À ces paroles, la gauche éclatait en applaudissements ; le parti des aristocrates gardait le silence, et les modérés eux-mêmes semblaient gênés, se demandant s’ils ne résistaient pas, pour le compte du Roi, au delà de ce que désirait le Roi lui-même.

Mais comme cette impression précise et forte se perdait vite dans un long et filandreux discours où abondaient les sous-entendus ! Le Roi insistait si longtemps sur la nécessité de maintenir les distinctions honorifiques de la noblesse, qu’il paraissait un instant que là était le véritable objet de sa démarche. Surtout, il demande à l’Assemblée de fortifier « le pouvoir exécutif » :

« Je ne dois point le mettre en doute ; en achevant votre ouvrage, vous vous occuperez sûrement avec sagesse et avec candeur de raffermissement du pouvoir exécutif, cette condition sans laquelle il ne saurait exister aucun ordre durable au dedans ni aucune considération au dehors. »
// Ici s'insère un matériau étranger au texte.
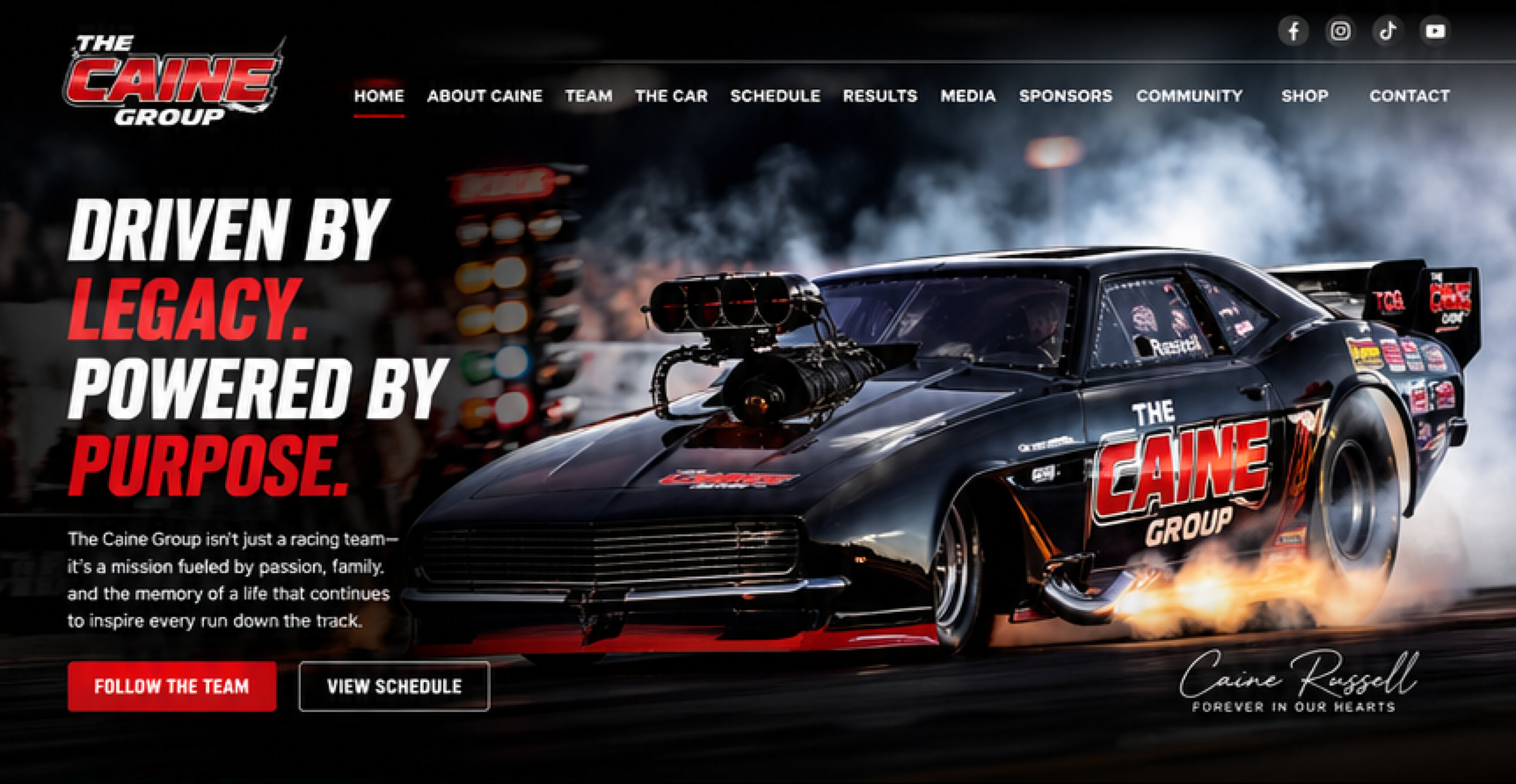 The Caine Group Funny Car launching through smoke and fire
C’est Necker qui avait conseillé au Roi cette démarche et qui avait rédigé le discours. Camille Desmoulins, qui avait été averti tout de suite par le tour de sentimentalité phraseuse du prône royal, écrivait dans le no 12 des Révolutions de France et de Brabant :

« On a souri à l’endroit du discours où le prince dit à l’Assemblée :

« Vous vous occuperez avec candeur de l’affermissement du pouvoir exécutif. » On voit bien que le ministre dont il est si aisé de reconnaître le faire dans ce discours, qui y a mis si habilement sa justification dans la bouche du Roi, a su faire de cette harangue un miroir qui réfléchit sa fastidieuse figure. »
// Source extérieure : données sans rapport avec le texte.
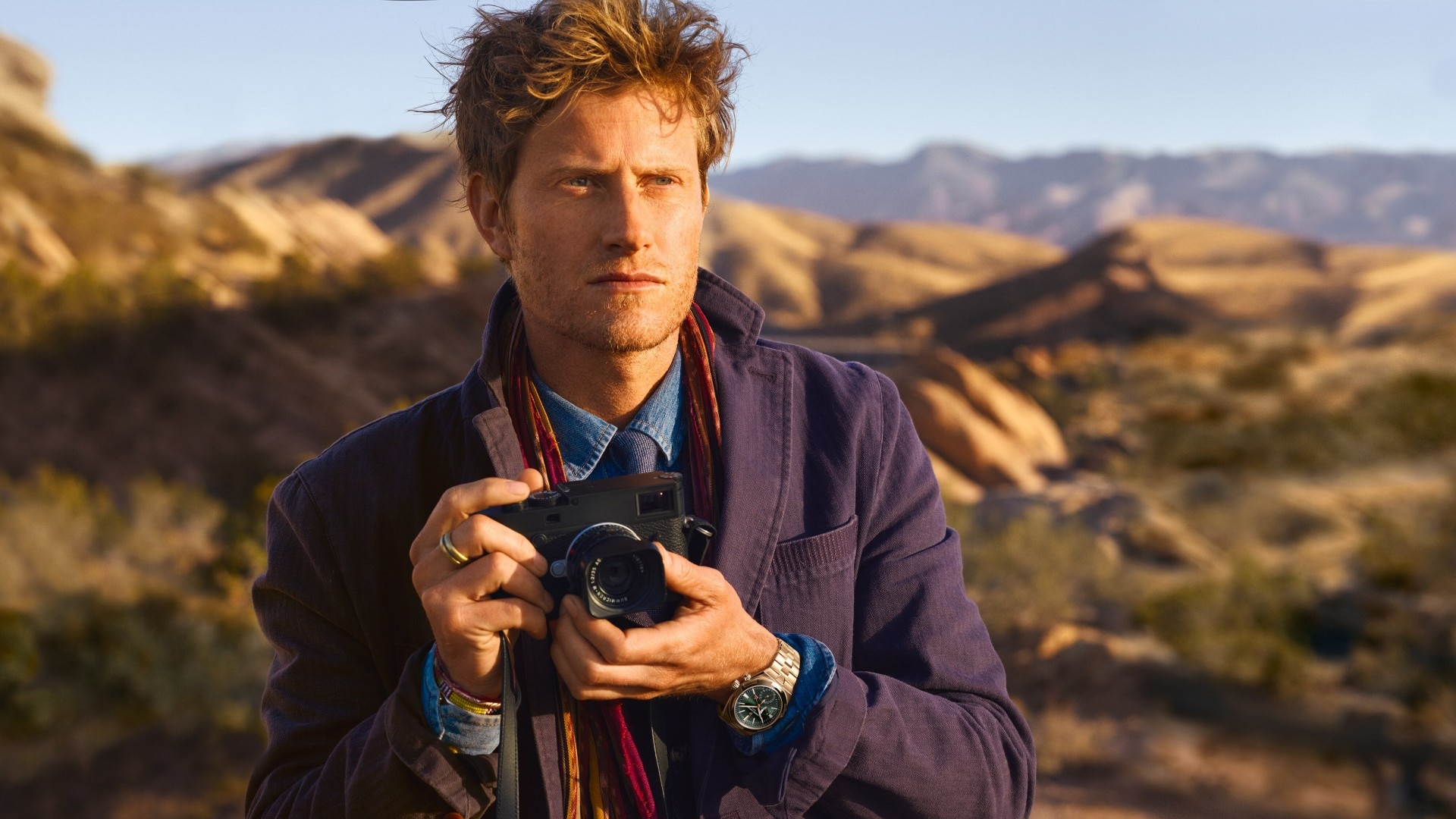 Man holding a camera in a desert landscape with mountains in the background.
Oui, jusqu’en cette démarche qui pouvait être décisive, le Roi n’avait pas su mettre l’accent d’une pensée personnelle et d’une volonté forte. C’est Necker qui, trop visiblement, le faisait mouvoir et parler. C’est Necker qui, blessé dans sa vanité du rôle prépondérant de l’Assemblée, la rappelait, sous prétexte de pouvoir exécutif, au respect de sa propre influence, à la vénération pour ses plans de finance impuissants, médiocres et manqués. Cet éternel refrain de pouvoir exécutif est bien irritant.

Au fond, la Révolution avait l’instinct et le génie du pouvoir exécutif. Pour transformer l’ordre politique et social, elle avait besoin d’une action concentrée et vigoureuse ; ses communes, à peine constituées, se fédérèrent pour agir d’ensemble et puissamment.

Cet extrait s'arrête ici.